▶ _Work instructions_
Your output should be exactly the lines from the one containing "Carl_and_nina" through the final line of the following data, please, with no pictures.

▶ _Provided information_
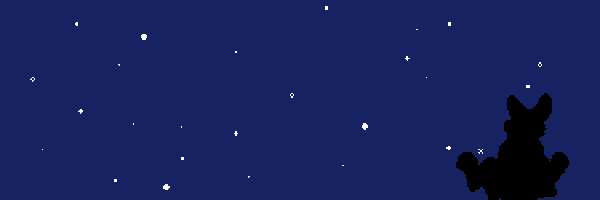 MoonBat847 Profile Banner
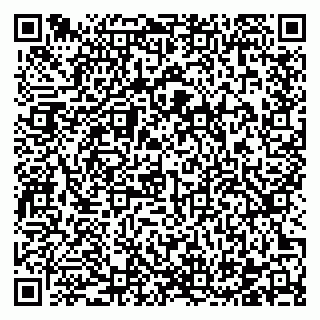 vCard 78122427792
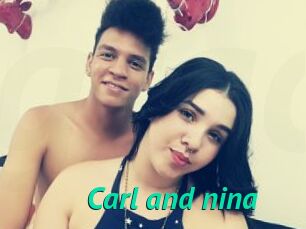 Carl_and_nina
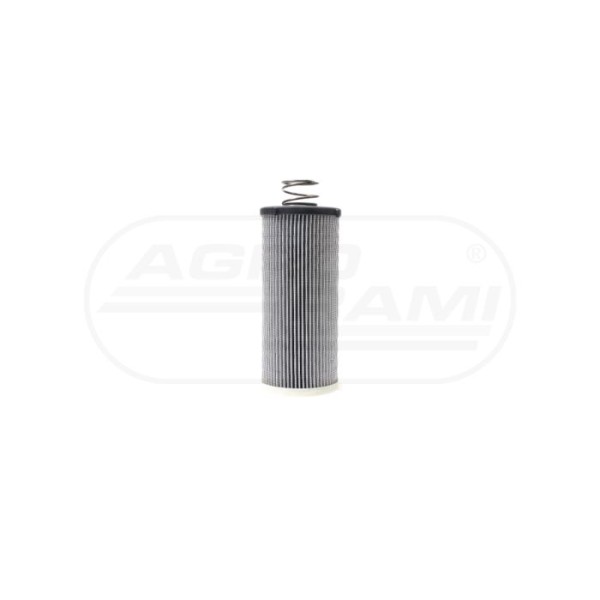 Filtr oleju hydraulicznego CNH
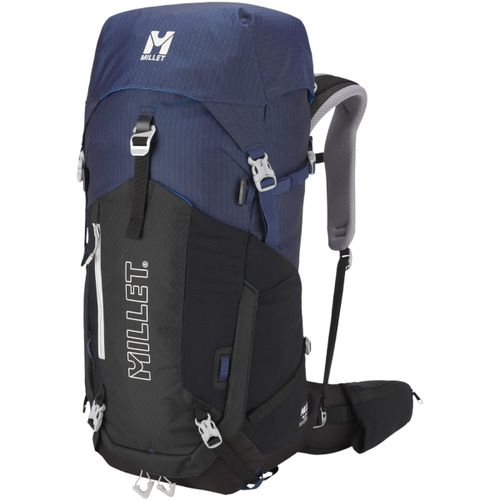 Sac a dos Millet Ubic 30W - Millet - Modalova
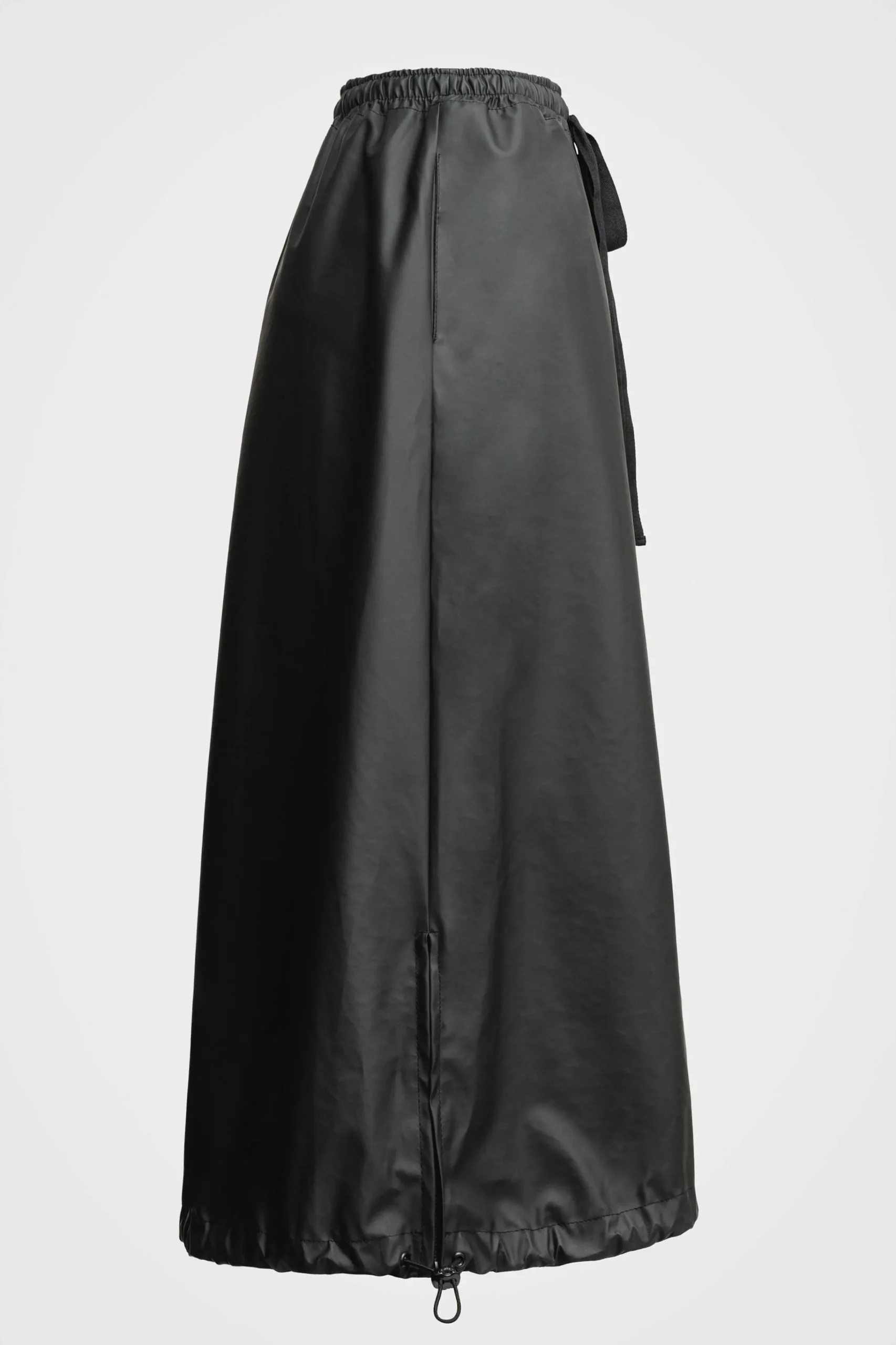 STUTTERHEIM Bunner<Skivarp Lettvektsskjort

▶ _Solution to this exercise_
 Carl_and_nina
 Filtr oleju hydraulicznego CNH
 Sac a dos Millet Ubic 30W - Millet - Modalova
 STUTTERHEIM Bunner<Skivarp Lettvektsskjort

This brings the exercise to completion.